Un buen amigo boloñés, Marco Veglia, defiende que su ciudad es la única en el mundo que tiene la forma de las palabras. Creo entenderle: Bolonia está hecha para discurrir bajo los pórticos, bajo las galerías de soportales. Discurrir paseando, saludando a vecinos y amigos, ojeando a los desconocidos, y discurrir en la conversación apacible o el debate vivaz. Los propietarios cedieron a los pórticos una parte de sus viviendas para que los catedráticos de la más antigua y más insigne de las universidades europeas polemizaran in utroque iure, para que Dante meditara sus mejores prosas, el estudiantillo Francesco Petrarca opinara sobre la suerte final del estudiante español que había intentado violar a la hija de un notario o Boccaccio oyera ponderar los encantos de una boloñesa más hermosa que cualquier otra mujer jamás vista…, los tres siempre a resguardo del viento, la lluvia o el bochorno.

Los 40 kilómetros de pórticos son de suyo el gran monumento de la ciudad, pero a la vez ofrecen el mejor camino para admirar los otros. Bolonia no es Florencia, donde todo se apiña en un marco reducido, sino una amplia red de maravillas. El primer itinerario obligado parte de las dos inexpugnables torres de la plaza Ravegnana (es decir, de Ravena: ¡no Rávena, por amor de Dios!), las más gigantescas de las que aún restan de entre el centenar que vinieron alzándose desde el siglo XII, y en el caso de la Garisenda, con una temible, vertiginosa inclinación.
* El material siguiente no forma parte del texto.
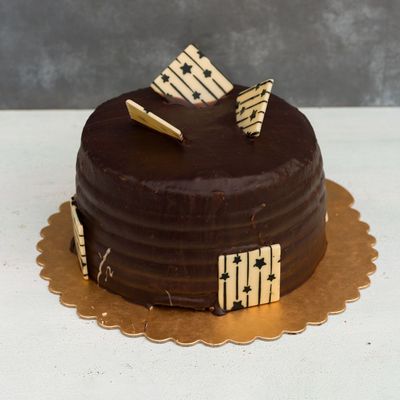 Muzlu Çikolatalı Yaş Pasta (4-5 Kişilik)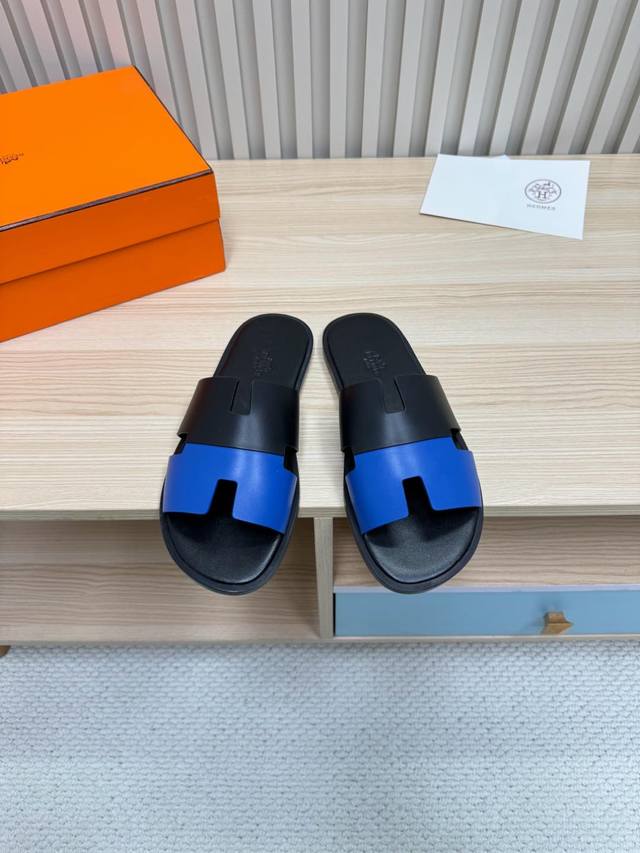 情侣款*爱马仕 Lzmir 复古二舅拖｜经典H拖，永不过时的法式优雅** 这双 **爱马仕 Lzmir** 拖鞋，是真正的 **“低调奢华”** 代名词！经典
En pocos pasos por la Via Rizzoli se llega a la Plaza Mayor, presidida por la basílica de San Petronio, patrón de la ciudad, donde Clemente VII coronó a Carlos V como emperador del Sacro Imperio Romano Germánico el 24 de febrero de 1530. El portón es un digno trabajo de Jacopo della Quercia, y al lado quedan los palacios del Podestà (máxima autoridad del territorio), de Accursio y de Re Enzo, con el regalo añadido de la fuente donde (diría Rubén) navega el Neptuno de Juan de Bolonia (o sea, Boulogne).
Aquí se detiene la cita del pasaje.